A blast from the past (2006!) But my views have evolved since then...but all the same the following maybe of interest, and comes from a blog run by Richard Murphy on Tax Research UK. RS/Blogger
Blogger Ref http://www.p2pfoundation.net/Transfinancial_Economics
If you were a super-rich businessman, or woman would you not want to keep as much of your profits from taxman as possible? Is this not a normal instinct?I’ve taken time to muse on this and think that Robert’s question starts at the wrong place. It begs the question, how did the person become super-rich? If it was inheritance, is that reasonable, and should it have been taxed? If it was by chance e.g. by gambling, should society sanction such activities which are known to be destructive for many? If by business activity, how? Is this income, or has it been obtained by way of capital gain on sale of the enterprise? If the latter, has the sale prejudiced those who contributed to the well being of the owner but who shared no entitlement to participate in what we call ownership? These are all valid questions that might preface that asked.
But that still is not enough. From my own experience I would suggest there is not such thing as generic business of the type assumed to exist by economists, and implicit in the generality of Robert’s question. That type of business, in which profits are maximised for the benefit of shareholders at the expense of all other objectives is a wholly irrational enterprise for a great many reasons too lengthy to consider here. But it has a parody in the activity of those who seek to accumulate wealth (defined in a monetary form or related to the exercise of power) with little or no consideration of the business activity engaged in to create such accumulation. In contrast, there are businesses which seek to create what I consider to be ‘value’ which are the type I have always sought to work with.
By this I mean that these businesses are run on a basis that recognises that value is created in the process of exchange, and persistent value is created when the resources dedicated to the exchange are intended to increase the well-being of all involved in it. This is not idealistic thinking. Intention does not, for a start, guarantee success but the characteristic is best expressed by those who pursue a business activity because of the passion they have for that activity in itself. I have known countless business people who would undertake their trade if only they could without all the paraphernalia of business because they really do believe it is what they are meant to do. That passion used to be (but as far as I can see does now rarely) pervade our largest businesses. It is still extraordinarily widespread in the smaller business community. It is a trait ignored by economists: the term ‘social entrepreneur’ has been created for it to describe a similar motive when used in the not for profit sector.

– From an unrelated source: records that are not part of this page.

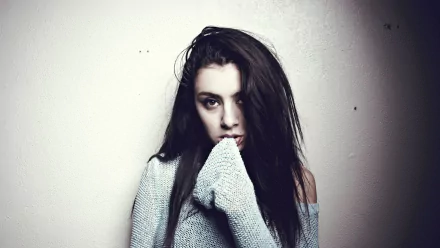 HD PC desktop wallpaper: moody portrait of a young female music artist in an oversized sweater against a pale wall, staring with a contemplative gaze.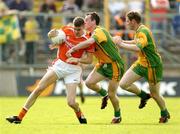 18 June 2005; Philip Loughran, Armagh, in action against Barry Monaghan and Brendan Boyle, right, Donegal. Bank of Ireland Ulster Senior Football Championship Replay, Armagh v Donegal, St. Tighernach's Park, Clones, Co. Monaghan. Picture credit; Pat Murphy / SPORTSFILE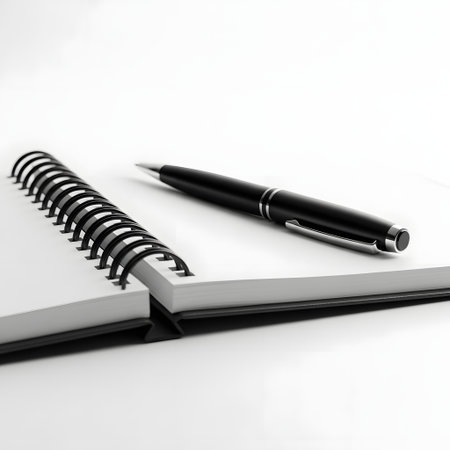 A black ballpoint pen lies on the blank page of an open spiral-bound notebook, ready for writing.の素材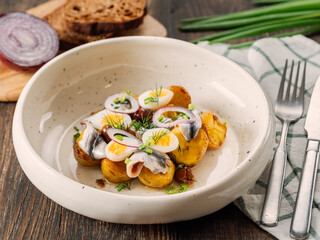 Anchovy or sprat or sardine with potatoes in restaurant-style plating, served onion and greenery....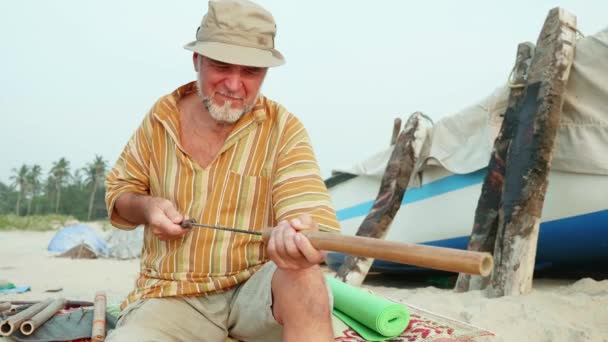 Homme âgé assis sur la plage et faisant flûte par les mains . — Video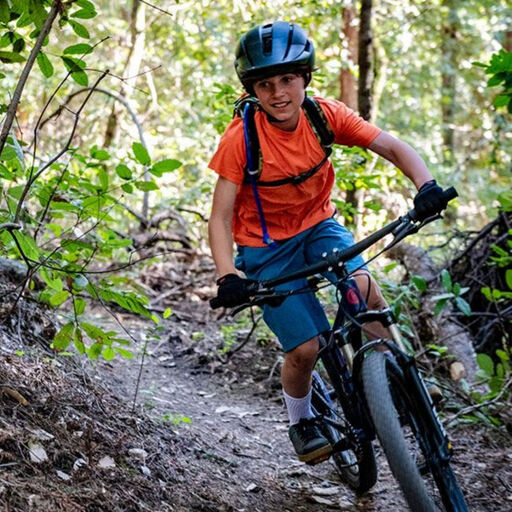 Kid on a bike in the forest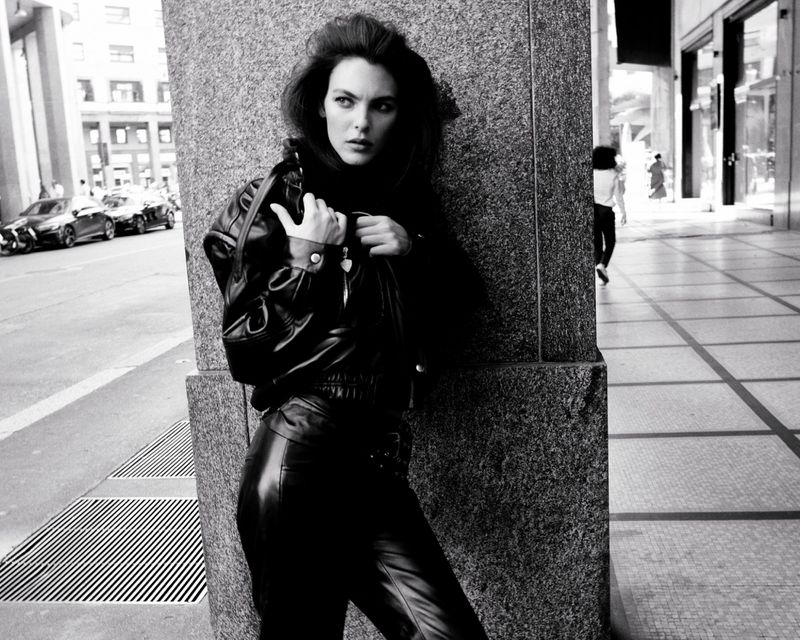 Model Vittoria Ceretti leaning against a stone pillar on a city street wearing a black leather jacket and trousers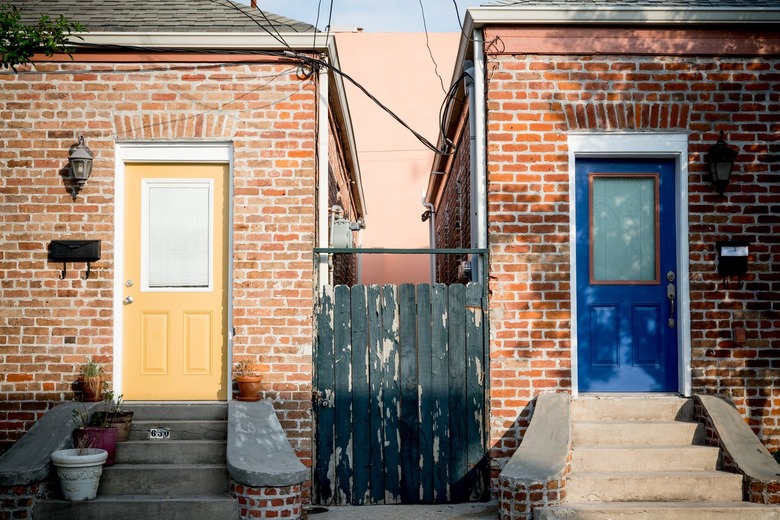 red brick home exterior with colorful front doors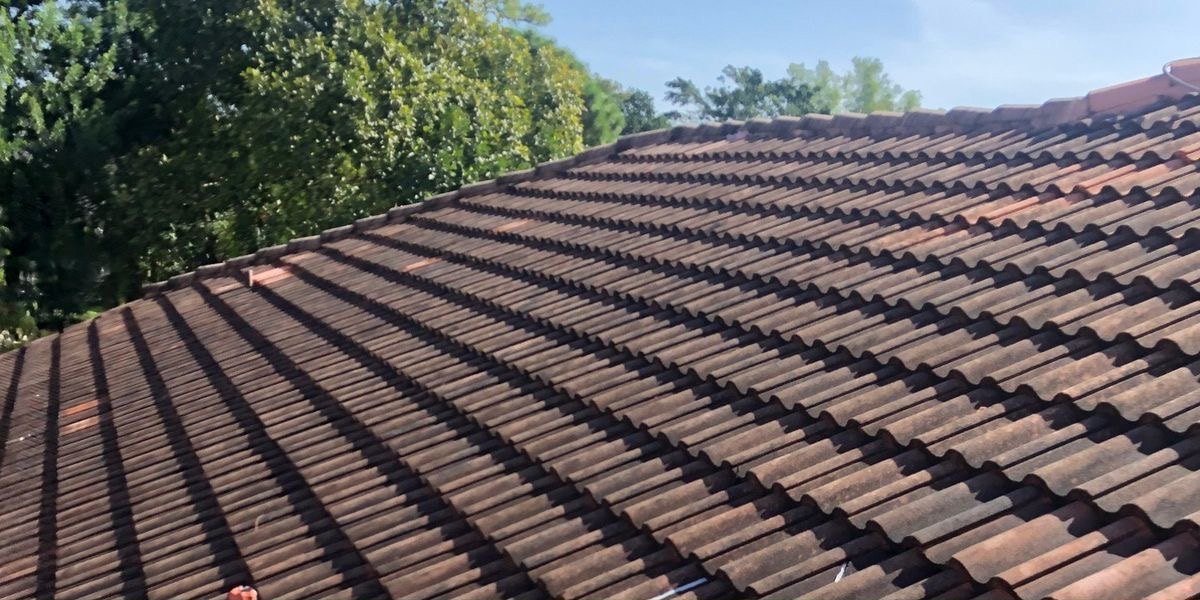 A Melbourne terracotta tile roof before restoration, weathered and covered in grime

By deliberately choosing to work for these businesses (whenever it has been possible) I have seen that they can work. They do not profit maximise. They seek to provide value to those they deal with. They do, of course, consider cash flow and might be very efficient managers of resources in this respect. That is because they wish to perpetuate their activities and know this will not happen if they do not carefully manage their working capital. They will focus reporting on issues of quality and service; they grow by recommendation. They create enormous value, and sometimes considerable riches for their owners (some of whom will seek to share it). But few will have actively sought those riches as their primary motive for engaging in the activity in which they are engaged.

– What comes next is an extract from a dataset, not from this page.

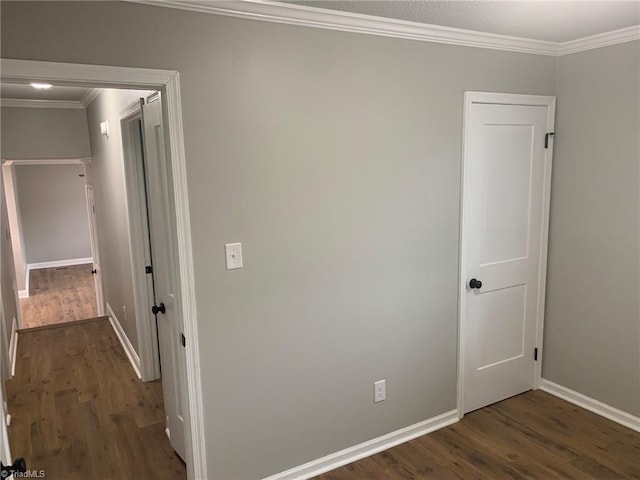 corridor with dark hardwood / wood-style floors and ornamental molding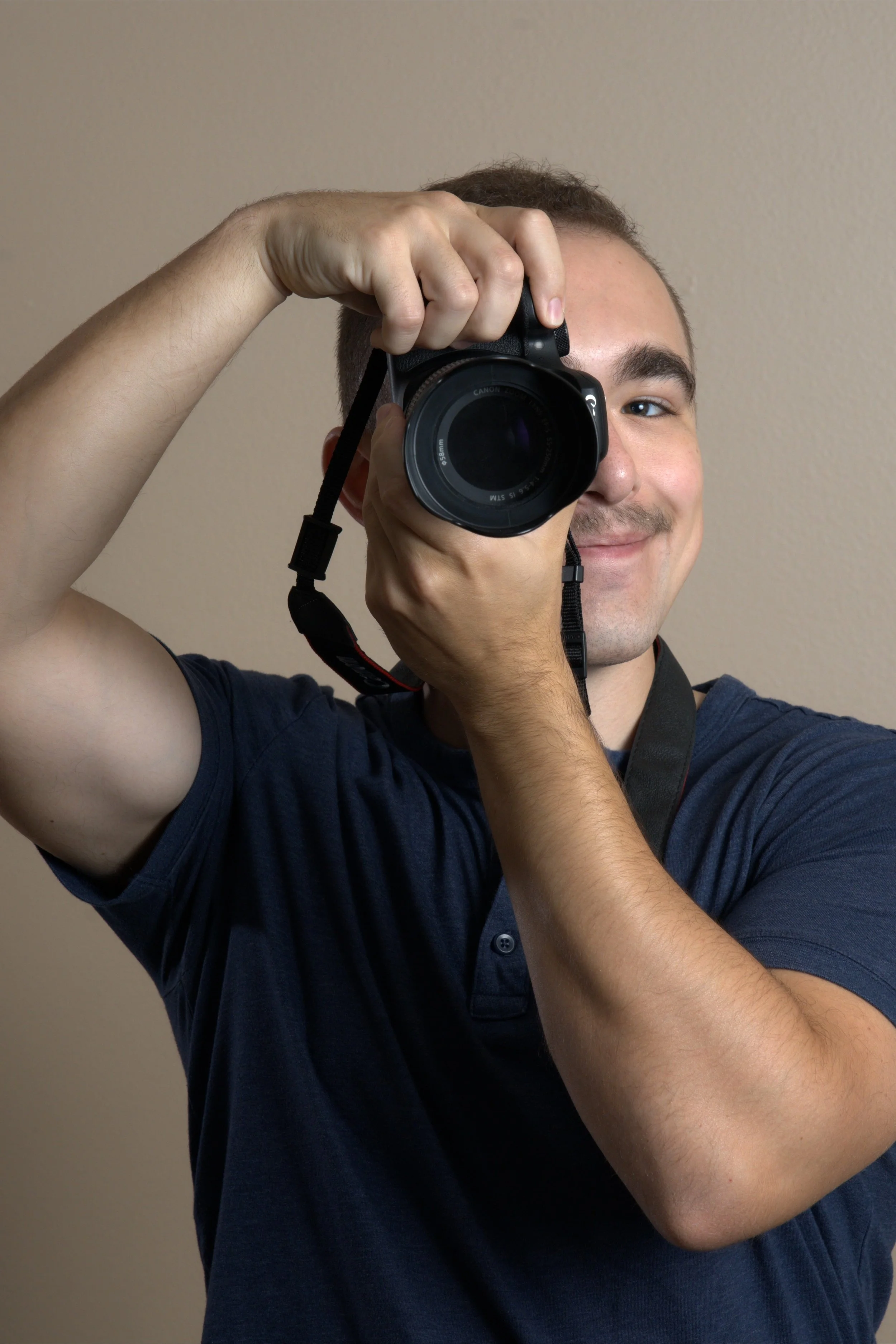 A young man with short hair and a slight smile is looking through a camera, which he is holding up to his face. He is wearing a navy blue shirt and standing in front of a plain brown background.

I make that last point deliberately. My experience of those who have sought to create riches (as measured in cash) is that they were always best avoided. They either exploit everyone (including their accountant) ruthlessly and as a result are poor clients to deal with, or they simply go bust as their businesses lack meaning and focus. I saw rather a lot of this type of business before disengaging with that type of activity.
The point though is this. The source of the riches will seriously influence the choice made as to tax payment. The person who has exploited on the way to accumulating their cash will wish to retain it any cost. The person who has never anticipated riches may well manage their cash badly, and their taxes likewise. But the person who has accumulated wealth because of the supply of value will almost certainly (from my experience) pay their taxes, and will seek to do little to avoid them. There are two reasons why they will do that, and both are rational.
It is entirely rational for them to wish to pay tax. They recognise the value created in exchange and so place a value on the supply of services by government. Tax is an exchange of and for value. They accept that and do not seek to avoid it, whilst not seeking to pay more than is their due. Secondly they pay because they recognise that there is a greater return to be made on effort by participating in the positive activities with which they are engaged i.e. in advancing their business. Tax avoidance is very often the pursuit of the failed entrepreneur who actually has no clue about how to make money and can therefore only seek to save it.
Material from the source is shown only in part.